Selon des sources administratives locales, le programme national de construction des bureaux zonaux prévoyait un budget d’environ 200 millions de francs burundais par bâtiment à travers le pays. Les marchés ont été attribués à différentes entreprises de construction, sous la supervision du Fonds National d’Investissement Communal (FONIC), maître d’ouvrage placé sous la tutelle du ministère de l’Intérieur.
Dans la commune de Matana, qui compte 15 zones, les travaux sont achevés dans 11 d’entre elles. En revanche, quatre bureaux zonaux restent inachevés.
Parmi ces derniers, deux sont en phase de finalisation, tandis que deux autres, notamment dans les zones Ndago et Gasibe, stagnent depuis près d’une année, sans avancée significative.
Des services publics paralysés
Cette situation n’est pas sans conséquences pour l’administration locale. Selon plusieurs responsables, le personnel de certaines zones est contraint de travailler dans des conditions précaires, faute de bureaux fonctionnels.
« Nous avons des difficultés à exercer correctement nos fonctions. Il est difficile de servir la population sans infrastructures adaptées », confie une source administrative locale.
Des fonds déjà décaissés, mais des chantiers bloqués
Le blocage des travaux suscite d’autant plus d’interrogations que, selon les déclarations du président Évariste Ndayishimiye, les fonds destinés à ces constructions auraient déjà été débloqués.
Le gouvernement prévoit pourtant de procéder à la réception des bâtiments déjà achevés, tandis que le mobilier destiné à équiper ces bureaux a déjà été livré.

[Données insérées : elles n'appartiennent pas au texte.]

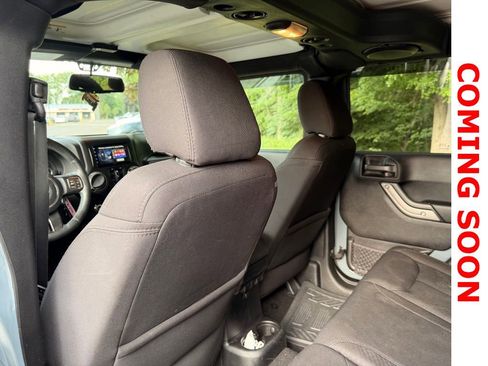 Used 2014 Jeep Wrangler Unlimited Sport w/ Quick Order Package 24S AWD/4WD image 11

Récemment, le chef de l’État a publiquement fustigé le manque de suivi de certains responsables administratifs locaux dans l’exécution de ces travaux.
Soupçons de corruption et responsabilités partagées
Mais pour plusieurs observateurs, la responsabilité ne saurait se limiter au niveau local. Le FONIC, chargé de superviser les travaux et les entreprises attributaires des marchés, est également pointé du doigt.
D’après certains employés d’entreprises impliquées dans ces projets, des pratiques de corruption au sein de cette institution seraient à l’origine des retards et de la mauvaise exécution de certains chantiers.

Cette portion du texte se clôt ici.